On 07/11/13 16:52, Joe Bowbeer wrote:
> Aleksey: Can you add memory parameters to your model?  Including both the memory
> overhead of parallel streams and the memory working set of each parallel task.

Memory effects are always complicated. here are a few issues:

1. The more sequentially-oriented your code, the more
memory it will consume when run in parallel, for less benefit.
And these effects are not small.

2. There are usage idioms that will save vast amount of memory
in parallel pipelines, for example merge-while-grouping.
(MultiSets/MultiMaps: just say no!) But most programmers won't
be familiar with the tradeoffs because they don't hurt as badly
in most sequential usages.

3. Boxing has such enormous impact on space (and time)
to have justified all the work on int/long/double forms.
People really need to use them in cases where they might
not have noticed performance problems when they wrote
non-stream (and thus non-parallel) versions.

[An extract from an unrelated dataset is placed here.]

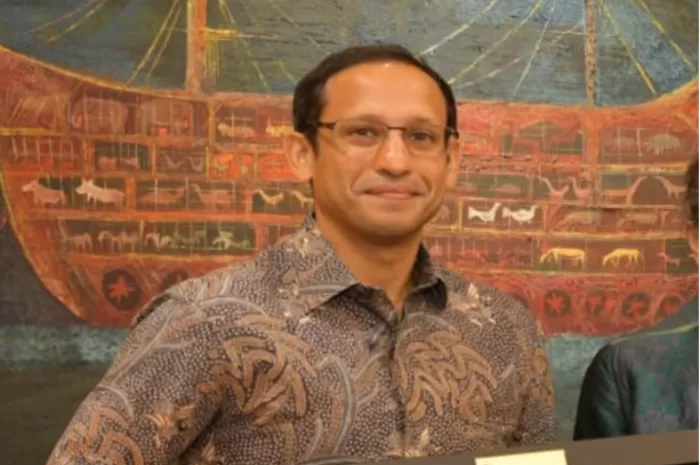 Mantan Mendikbudristek, Nadiem Makarim telah menjalani sidang perdana pra-peradilan dalam kasus dugaan korupsi pengadaan laptop Chromebook (Foto: GENMUSLIM.id/dok: kemendikdasmen.go.id)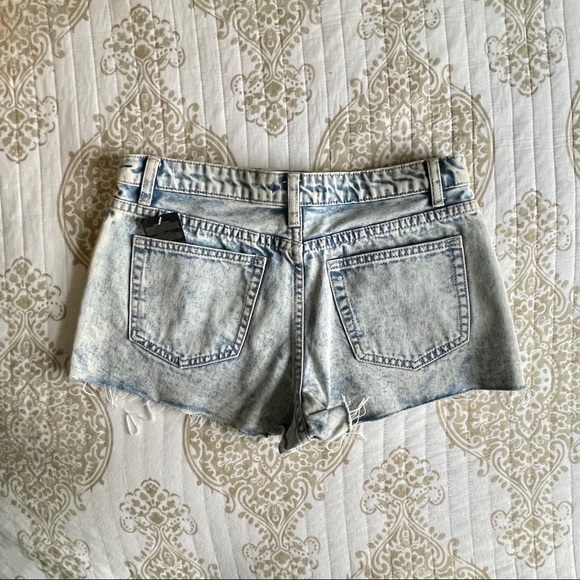 NWT denim shorts size 28 - Picture 2 of 2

4. Using more cores intrinsically uses more memory. These days,
vendors tend not to ship systems with memory proportional to cores,
but most are not so disproportional to be a huge concern for
most users.

5. We still face many GC and memory-system implementation issues
that limit scalability.


> By the way, another concern not mentioned is UI responsiveness.  Adding
> .parallel() competes with the UI thread's ability to respond to user input.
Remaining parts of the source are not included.